- Work instructions
Each line from the start of the entries through the line that contains "Teddy Fresh Mens" should be output exactly, please.

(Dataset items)
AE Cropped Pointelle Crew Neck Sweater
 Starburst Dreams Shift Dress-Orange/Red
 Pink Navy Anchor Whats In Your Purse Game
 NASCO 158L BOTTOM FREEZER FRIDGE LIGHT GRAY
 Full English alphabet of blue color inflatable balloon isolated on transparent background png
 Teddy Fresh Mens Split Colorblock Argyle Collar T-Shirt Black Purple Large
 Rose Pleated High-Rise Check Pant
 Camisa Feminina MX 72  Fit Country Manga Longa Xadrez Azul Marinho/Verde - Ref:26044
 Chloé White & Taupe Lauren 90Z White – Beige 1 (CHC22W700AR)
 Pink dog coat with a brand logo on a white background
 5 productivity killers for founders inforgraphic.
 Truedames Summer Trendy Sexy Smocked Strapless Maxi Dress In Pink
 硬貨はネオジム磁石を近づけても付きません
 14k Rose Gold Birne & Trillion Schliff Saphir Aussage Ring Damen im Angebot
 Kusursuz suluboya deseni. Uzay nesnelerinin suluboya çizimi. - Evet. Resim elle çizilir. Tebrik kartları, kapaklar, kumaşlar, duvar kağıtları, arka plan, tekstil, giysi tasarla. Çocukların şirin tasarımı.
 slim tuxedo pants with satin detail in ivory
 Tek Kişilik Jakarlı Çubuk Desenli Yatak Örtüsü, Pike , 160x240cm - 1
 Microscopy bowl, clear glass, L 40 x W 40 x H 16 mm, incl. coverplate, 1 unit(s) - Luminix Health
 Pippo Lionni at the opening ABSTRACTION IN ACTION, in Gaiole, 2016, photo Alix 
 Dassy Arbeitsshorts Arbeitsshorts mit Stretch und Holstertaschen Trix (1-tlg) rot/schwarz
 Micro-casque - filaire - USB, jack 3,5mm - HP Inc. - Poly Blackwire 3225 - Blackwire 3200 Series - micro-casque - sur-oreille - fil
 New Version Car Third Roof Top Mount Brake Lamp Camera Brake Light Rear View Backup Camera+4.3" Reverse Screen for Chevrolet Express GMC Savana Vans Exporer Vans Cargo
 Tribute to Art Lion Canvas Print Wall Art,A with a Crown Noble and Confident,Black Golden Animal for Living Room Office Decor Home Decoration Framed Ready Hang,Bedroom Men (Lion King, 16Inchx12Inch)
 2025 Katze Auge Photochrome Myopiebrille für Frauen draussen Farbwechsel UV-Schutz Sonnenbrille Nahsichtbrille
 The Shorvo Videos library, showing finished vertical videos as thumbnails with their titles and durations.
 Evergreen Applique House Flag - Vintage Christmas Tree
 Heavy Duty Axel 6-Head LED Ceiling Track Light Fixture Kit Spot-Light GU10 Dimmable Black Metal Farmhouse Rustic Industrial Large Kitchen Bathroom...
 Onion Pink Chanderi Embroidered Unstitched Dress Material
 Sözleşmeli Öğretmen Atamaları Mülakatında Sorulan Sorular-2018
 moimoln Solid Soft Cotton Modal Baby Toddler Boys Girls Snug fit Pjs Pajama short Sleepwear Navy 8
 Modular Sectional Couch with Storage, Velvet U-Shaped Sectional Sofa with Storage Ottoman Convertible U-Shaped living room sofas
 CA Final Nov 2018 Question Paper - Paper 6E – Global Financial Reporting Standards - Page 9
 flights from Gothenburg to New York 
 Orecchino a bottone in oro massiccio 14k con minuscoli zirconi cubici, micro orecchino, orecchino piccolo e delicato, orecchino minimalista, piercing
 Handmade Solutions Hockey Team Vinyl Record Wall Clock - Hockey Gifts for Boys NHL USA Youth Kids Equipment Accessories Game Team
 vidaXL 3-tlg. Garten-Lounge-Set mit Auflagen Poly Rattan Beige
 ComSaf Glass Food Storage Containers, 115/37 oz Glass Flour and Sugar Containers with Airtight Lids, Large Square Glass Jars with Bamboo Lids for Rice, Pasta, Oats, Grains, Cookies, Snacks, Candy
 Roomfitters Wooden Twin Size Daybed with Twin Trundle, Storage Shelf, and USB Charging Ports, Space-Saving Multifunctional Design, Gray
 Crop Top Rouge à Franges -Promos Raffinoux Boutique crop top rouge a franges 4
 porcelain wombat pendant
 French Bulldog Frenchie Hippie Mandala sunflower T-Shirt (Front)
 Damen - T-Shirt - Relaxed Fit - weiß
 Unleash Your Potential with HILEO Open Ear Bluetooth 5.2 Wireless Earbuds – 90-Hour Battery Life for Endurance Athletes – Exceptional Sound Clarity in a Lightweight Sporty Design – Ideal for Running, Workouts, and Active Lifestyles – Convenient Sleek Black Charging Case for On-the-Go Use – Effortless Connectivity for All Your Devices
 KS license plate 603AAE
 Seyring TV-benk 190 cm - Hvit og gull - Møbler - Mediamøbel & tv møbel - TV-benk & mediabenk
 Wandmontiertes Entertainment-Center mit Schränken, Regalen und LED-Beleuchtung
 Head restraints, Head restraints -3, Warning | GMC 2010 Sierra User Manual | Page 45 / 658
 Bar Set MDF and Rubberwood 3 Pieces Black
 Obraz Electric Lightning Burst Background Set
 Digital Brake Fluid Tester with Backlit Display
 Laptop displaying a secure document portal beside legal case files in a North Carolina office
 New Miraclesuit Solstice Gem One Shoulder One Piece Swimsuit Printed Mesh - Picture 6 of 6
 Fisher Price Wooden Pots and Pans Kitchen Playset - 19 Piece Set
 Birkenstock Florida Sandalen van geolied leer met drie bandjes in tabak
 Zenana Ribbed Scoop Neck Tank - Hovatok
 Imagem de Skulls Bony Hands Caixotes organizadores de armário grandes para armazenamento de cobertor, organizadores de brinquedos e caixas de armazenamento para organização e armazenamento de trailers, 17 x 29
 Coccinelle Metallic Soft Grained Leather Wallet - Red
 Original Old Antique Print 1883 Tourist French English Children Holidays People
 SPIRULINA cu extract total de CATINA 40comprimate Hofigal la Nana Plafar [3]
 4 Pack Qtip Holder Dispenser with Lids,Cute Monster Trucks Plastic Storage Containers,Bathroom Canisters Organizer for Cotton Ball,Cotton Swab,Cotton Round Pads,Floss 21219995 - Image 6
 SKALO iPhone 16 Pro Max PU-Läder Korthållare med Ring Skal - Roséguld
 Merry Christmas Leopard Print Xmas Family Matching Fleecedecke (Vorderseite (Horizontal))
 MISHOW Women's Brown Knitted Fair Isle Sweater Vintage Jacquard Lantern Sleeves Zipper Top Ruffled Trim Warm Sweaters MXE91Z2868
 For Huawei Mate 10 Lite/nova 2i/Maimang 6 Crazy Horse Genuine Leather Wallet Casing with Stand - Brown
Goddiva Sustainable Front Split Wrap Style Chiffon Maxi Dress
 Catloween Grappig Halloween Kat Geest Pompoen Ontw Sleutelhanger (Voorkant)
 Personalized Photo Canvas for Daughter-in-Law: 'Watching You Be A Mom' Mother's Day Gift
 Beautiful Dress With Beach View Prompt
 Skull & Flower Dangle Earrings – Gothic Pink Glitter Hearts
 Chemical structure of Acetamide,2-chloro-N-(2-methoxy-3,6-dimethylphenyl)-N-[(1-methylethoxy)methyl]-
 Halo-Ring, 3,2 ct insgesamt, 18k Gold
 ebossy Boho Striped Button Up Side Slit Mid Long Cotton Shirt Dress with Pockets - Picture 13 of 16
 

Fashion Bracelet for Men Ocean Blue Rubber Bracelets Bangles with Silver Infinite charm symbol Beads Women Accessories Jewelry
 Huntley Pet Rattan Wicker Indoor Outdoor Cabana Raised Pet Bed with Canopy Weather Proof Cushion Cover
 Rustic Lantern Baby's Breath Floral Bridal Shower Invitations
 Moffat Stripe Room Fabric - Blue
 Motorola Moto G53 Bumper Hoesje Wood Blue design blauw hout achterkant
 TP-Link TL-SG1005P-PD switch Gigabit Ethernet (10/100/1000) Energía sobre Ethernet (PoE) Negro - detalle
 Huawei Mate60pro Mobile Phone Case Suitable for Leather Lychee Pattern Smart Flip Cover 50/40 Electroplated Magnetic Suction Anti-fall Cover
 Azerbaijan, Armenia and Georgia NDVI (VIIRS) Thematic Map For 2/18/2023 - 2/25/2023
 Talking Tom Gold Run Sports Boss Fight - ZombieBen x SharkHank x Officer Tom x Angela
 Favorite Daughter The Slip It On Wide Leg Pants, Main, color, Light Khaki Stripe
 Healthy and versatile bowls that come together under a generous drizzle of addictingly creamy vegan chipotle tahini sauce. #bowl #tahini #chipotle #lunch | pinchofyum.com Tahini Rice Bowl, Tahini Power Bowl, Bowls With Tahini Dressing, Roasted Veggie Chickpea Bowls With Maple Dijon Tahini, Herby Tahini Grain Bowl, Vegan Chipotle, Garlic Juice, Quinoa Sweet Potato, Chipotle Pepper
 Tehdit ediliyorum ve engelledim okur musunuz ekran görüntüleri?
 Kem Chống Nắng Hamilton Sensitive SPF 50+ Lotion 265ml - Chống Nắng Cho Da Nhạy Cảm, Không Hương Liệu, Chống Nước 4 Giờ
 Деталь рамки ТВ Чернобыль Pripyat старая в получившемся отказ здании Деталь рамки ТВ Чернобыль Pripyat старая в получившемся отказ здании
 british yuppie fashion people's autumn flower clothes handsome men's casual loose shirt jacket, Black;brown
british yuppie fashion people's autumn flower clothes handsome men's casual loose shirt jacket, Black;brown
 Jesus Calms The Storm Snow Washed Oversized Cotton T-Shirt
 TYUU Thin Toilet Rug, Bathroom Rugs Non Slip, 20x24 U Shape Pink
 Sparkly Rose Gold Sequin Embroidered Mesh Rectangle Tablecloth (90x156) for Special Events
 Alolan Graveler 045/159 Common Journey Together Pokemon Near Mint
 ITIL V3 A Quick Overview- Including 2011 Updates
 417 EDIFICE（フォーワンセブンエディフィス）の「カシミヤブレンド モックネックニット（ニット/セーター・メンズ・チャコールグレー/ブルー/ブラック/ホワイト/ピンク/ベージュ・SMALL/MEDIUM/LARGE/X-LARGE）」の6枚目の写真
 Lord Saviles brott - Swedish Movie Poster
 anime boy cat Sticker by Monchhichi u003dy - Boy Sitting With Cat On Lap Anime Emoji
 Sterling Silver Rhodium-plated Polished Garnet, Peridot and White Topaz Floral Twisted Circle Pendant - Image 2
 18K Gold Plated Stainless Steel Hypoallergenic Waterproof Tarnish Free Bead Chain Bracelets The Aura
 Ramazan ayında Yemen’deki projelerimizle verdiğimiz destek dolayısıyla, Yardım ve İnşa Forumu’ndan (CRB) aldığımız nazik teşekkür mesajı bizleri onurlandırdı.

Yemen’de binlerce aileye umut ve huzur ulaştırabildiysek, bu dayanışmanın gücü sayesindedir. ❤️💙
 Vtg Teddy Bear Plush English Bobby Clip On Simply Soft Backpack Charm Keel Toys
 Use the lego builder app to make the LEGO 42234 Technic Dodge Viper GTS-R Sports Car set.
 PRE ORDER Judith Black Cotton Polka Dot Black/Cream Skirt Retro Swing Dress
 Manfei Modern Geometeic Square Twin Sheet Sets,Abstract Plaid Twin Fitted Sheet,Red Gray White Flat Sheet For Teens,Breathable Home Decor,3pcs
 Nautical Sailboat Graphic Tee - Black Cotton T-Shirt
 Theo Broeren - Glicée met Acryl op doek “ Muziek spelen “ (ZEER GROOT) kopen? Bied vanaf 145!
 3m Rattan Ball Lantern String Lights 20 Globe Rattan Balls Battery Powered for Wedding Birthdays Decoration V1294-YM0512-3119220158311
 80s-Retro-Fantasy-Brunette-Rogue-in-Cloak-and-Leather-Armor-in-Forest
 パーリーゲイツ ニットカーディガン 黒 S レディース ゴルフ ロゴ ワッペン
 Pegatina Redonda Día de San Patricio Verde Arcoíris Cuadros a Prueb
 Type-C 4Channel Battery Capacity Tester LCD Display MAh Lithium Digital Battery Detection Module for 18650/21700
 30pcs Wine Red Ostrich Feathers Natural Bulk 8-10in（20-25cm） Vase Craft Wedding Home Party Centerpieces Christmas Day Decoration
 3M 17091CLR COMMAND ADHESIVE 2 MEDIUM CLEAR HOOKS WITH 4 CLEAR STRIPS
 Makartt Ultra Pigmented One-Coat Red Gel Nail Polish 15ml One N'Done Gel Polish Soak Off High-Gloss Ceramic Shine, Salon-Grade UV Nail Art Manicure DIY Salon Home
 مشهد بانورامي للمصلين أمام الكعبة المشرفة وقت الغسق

- Response to the exercise
AE Cropped Pointelle Crew Neck Sweater
 Starburst Dreams Shift Dress-Orange/Red
 Pink Navy Anchor Whats In Your Purse Game
 NASCO 158L BOTTOM FREEZER FRIDGE LIGHT GRAY
 Full English alphabet of blue color inflatable balloon isolated on transparent background png
 Teddy Fresh Mens Split Colorblock Argyle Collar T-Shirt Black Purple Large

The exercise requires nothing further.